What is the most effective way of organising an economy in order to achieve development?
Chronologically, within the last 50 years the following have been the preferred options of development economists.
- Centralised planning (60s-70s)
- Free market economy (80s)
- Market-friendly economy (90s)
The following model is not a description of actual economies since economies will show variety in their details. Rather it depicts an idealised economy; the economy economists have in mind when proposing how centralised planning might operate.
- There is a dominant state owned sector that represents manufacturing industry.
- A smaller private sector focused on agriculture.
- A weak financial sector (due to limited savings in developing economies) but state-owned banks dominate.
- This is a model of an economy in the early stages of development due to the low savings ratio.

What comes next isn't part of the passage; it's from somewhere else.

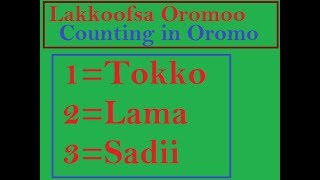 Counting in Oromo Language [upl. by Sillyrama]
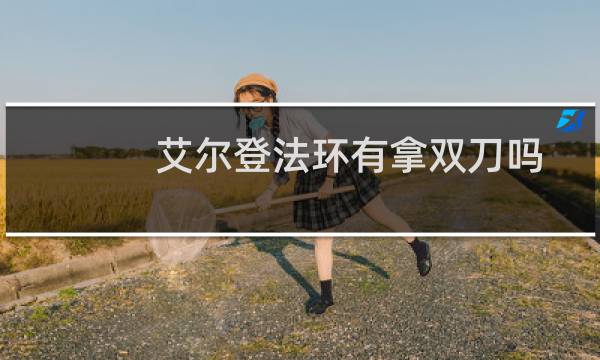 艾尔登法环有拿双刀吗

- State owned agricultural marketing boards exploit their monopsony (a market with one single buyer) power to force down prices, making food cheaper for urban consumers.
- Low prices of food keep wage rates in urban areas lessens the wage pressure on urban industry leading to lower costs of production and so production of goods and services at a lower cost.

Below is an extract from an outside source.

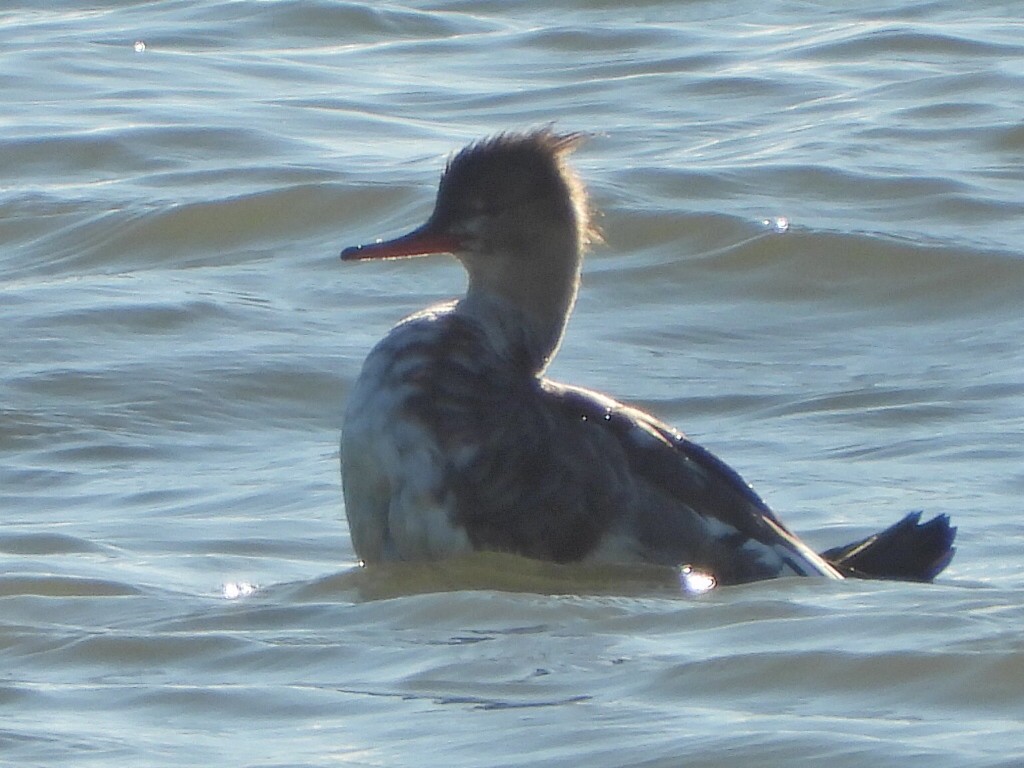 Red-breasted Merganser - ML644370015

- State owned banks would direct most savings to government and state owned enterprises to finance preferred investment at low interest rates.
- Industrialisation is synonymous with development so funds invested into agriculture will be cut, as savings are very scarce.
- Maintaining a high exchange rate cheapens the cost of necessary capita goods imported from developed economies.
- Protectionism may be used to support the development of import-subsidising industries.
It should be noted than a centrally planned economy is not necessarily a command economy like Cuba, the Soviet Union or North Korea as there is a small private sector in the economy.
Government control of resources allows the government to control and improve development.
These notes are from a lesson on 01/11/2004.